August 15, 2023
“Barbie was everything we didn’t want to be . . . everything the feminist movement was trying to escape.” – Gloria Steinem on Barbie (the doll)
I’ve had a week or two to digest the two giant moviegoing experiences of the summer, and it occurs to me there is even more insight to be mined from them than I had previously thought.
I confined my previous blathering to the more “serious” film, “Oppenheimer.” I noted the seemingly extreme improbability, to someone sitting in 1945, that these new weapons of war would not be used again in the lifetimes of any of the people involved in their development or use.
It must have been very much like people in November 2001 forecasting the number of mass terror attacks that might be made on American soil over the next two decades. As one of the people sitting in those rooms in Washington, D.C., trying to imagine the universe of futures for terrorism against the United States, I can tell you that the idea that we would essentially face zero large-scale attacks over the following two decades was not deemed plausible. It was, in that respect, very much like our scenarios for “Y2K,” the computer Armageddon that was expected to accompany the stroke of midnight on 1/1/2000. In that event as well, we had no scenario in which what actually occurred – nothing – was rigorously imagined.
In both those cases, of course, the fact that we were extremely attuned to the ‘worst-case scenarios” might have contributed to the non-events we actually witnessed. Actions were taken to ensure that the truly bad outcomes were prevented. Nevertheless, the idea that we might be sitting here, almost eight decades on, with thousands of warheads pointed at us and others, and at least a half-dozen new members of the “nuclear club” possessing weapons that dwarf the Hiroshima and Nagasaki devices in magnitude and lethality, and no one would have used these weapons against any enemy, would have seemed highly improbable to Oppenheimer at the end of the Second World War, judging probabilities simply by what had happened in the recent past.
But there is an even more unlikely projection that might have been made a short time after that, in, say, 1970. And that is that Barbie, the staggeringly ubiquitous doll of the 1960s and beyond, would be seen as an avatar of “woke-ism” and progressive politics.
Almost ever since the introduction of the statuesque, inhumanly-proportioned doll, Barbie had been decried as holding women to an unreachable standard of desirability, and as a way of indoctrinating little girls everywhere into a cult of constant concern for their looks – and especially for how males regarded their looks.
But as the film “Barbie” points out, in a clever takeoff on the beginning of the film “2001: A Space Odyssey,” Barbie, the doll, could also be seen as liberating little girls from their only previous alternative form of doll, the baby.
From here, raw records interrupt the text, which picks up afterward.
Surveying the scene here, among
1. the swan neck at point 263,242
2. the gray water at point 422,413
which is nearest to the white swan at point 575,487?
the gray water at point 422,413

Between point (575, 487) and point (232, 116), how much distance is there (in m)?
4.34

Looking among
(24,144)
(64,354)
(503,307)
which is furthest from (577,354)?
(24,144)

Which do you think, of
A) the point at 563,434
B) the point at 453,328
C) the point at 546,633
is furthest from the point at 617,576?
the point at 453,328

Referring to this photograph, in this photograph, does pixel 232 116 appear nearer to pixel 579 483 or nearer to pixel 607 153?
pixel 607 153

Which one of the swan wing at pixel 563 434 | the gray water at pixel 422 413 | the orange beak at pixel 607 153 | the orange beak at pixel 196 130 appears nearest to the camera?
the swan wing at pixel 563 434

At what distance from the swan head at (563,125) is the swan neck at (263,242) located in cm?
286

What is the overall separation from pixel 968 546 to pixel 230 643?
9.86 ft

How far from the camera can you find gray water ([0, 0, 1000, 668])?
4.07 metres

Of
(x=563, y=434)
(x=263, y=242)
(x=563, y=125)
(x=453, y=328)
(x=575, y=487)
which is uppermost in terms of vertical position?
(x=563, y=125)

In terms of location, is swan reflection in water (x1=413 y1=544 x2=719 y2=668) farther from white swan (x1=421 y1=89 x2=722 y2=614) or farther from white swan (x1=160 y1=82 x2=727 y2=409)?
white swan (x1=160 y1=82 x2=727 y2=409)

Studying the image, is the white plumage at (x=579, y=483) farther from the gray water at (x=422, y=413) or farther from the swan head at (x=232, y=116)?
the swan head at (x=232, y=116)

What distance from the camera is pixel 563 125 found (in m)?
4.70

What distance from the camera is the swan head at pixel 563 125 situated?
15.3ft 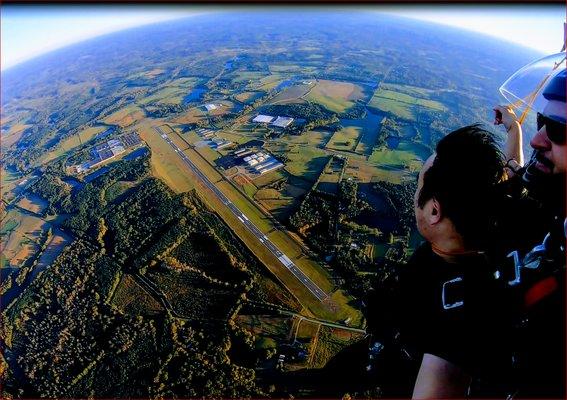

And that sort of doll was much more obviously intended to prepare little girls for one and only one role – motherhood.
Still, if I had been writing scenarios of the future of gender politics in America back in, say, February 1972, it would have been difficult to imagine any future movie glorifying Barbie to be anything like a “feminist” effort. When the National Organization for Women protested Barbie and similar dolls on the last day of that month, the New York Times reported, “The[ir] leaflets charged that ‘fashion’ dolls such as Barbie, Dawn and Chrissy perpetuated sexual stereotypes by encouraging little girls to see themselves solely as manniquins, sex objects or housekeepers.”
Fifty-one years, and at least two and a half “waves” of feminism later, however, it is the right that is protesting Barbie. One right-wing “influencer” went as far as to film himself burning a couple of Barbie dolls.
The point here is not to question Barbie’s (or “Barbie’s”) feminist bona fides. The point is that as we look ahead to the next fifty-one years – or, in the case of nuclear weapons, seventy-eight years – we should remember that both war and society may evolve in ways that are strictly unpredictable. When the most powerful weapon ever developed goes completely unused for eight decades, and a doll decried as destructive to little girls’ self-esteem and feminist dignity becomes a weapon against the patriarchy, it may be time to admit that the future is not something that any of us can extrapolate from the recent past.